TASK PROMPT => Please print the listing that follows word for word, but skip any pictures it holds.

SUPPLIED DATA =>
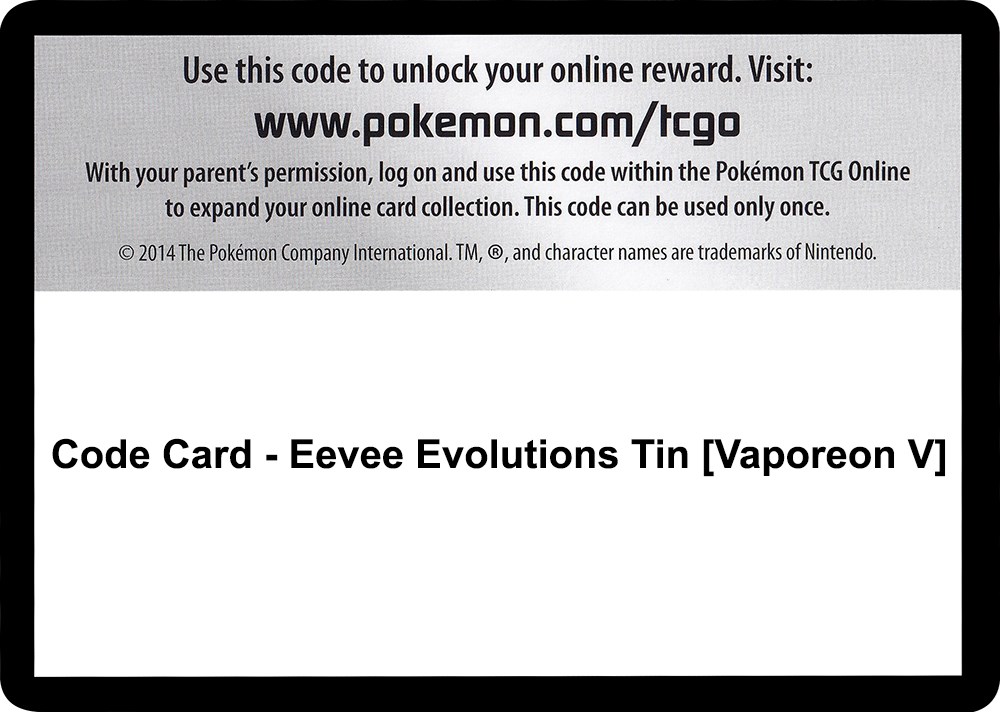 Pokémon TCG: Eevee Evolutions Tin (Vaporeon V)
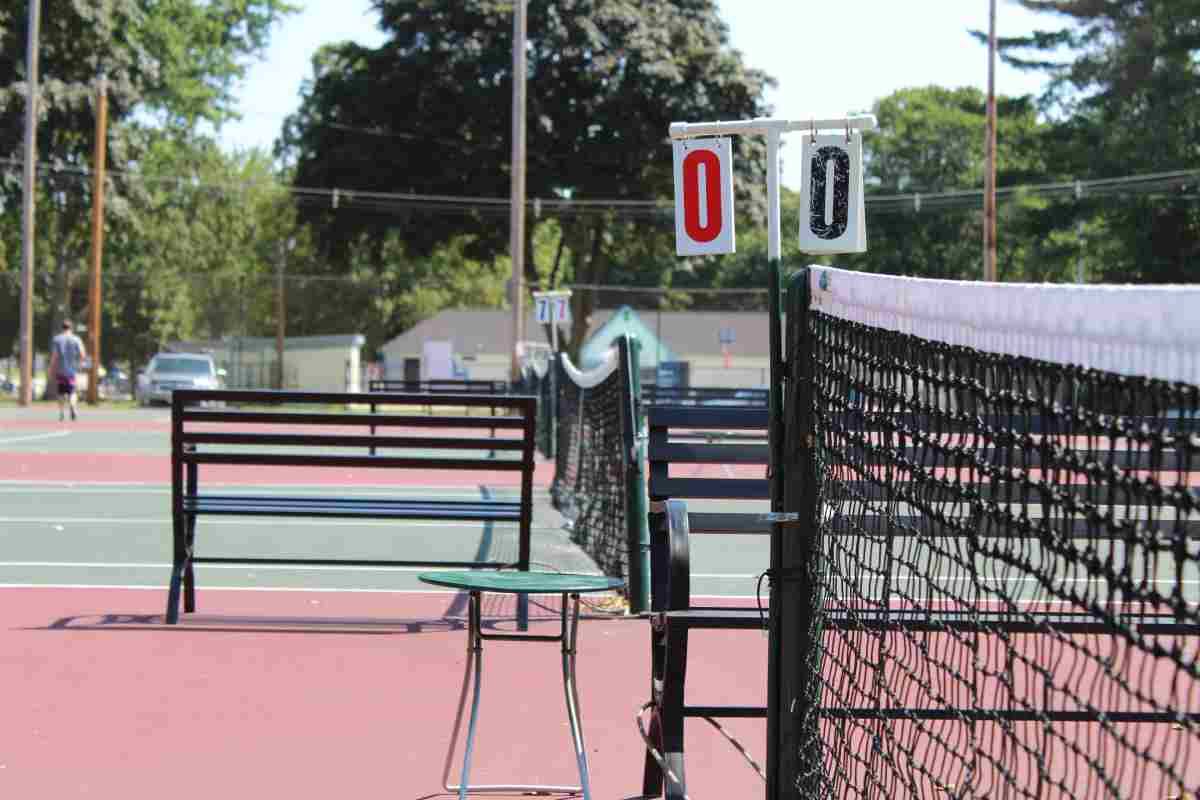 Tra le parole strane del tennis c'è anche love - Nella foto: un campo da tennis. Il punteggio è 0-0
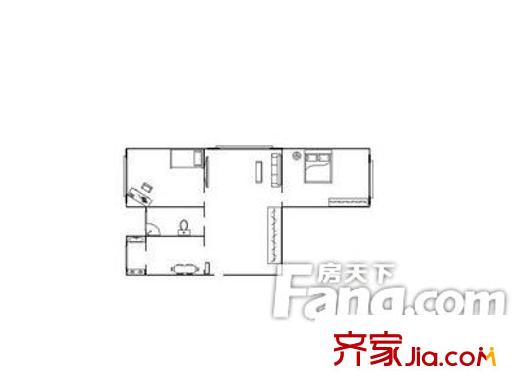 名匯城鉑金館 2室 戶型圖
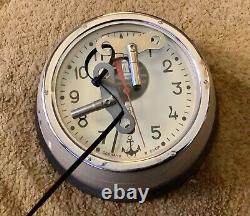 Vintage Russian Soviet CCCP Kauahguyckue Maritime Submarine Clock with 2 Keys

EXPECTED ANSWER =>
 Pokémon TCG: Eevee Evolutions Tin (Vaporeon V)
 Tra le parole strane del tennis c'è anche love - Nella foto: un campo da tennis. Il punteggio è 0-0
 名匯城鉑金館 2室 戶型圖
 Vintage Russian Soviet CCCP Kauahguyckue Maritime Submarine Clock with 2 Keys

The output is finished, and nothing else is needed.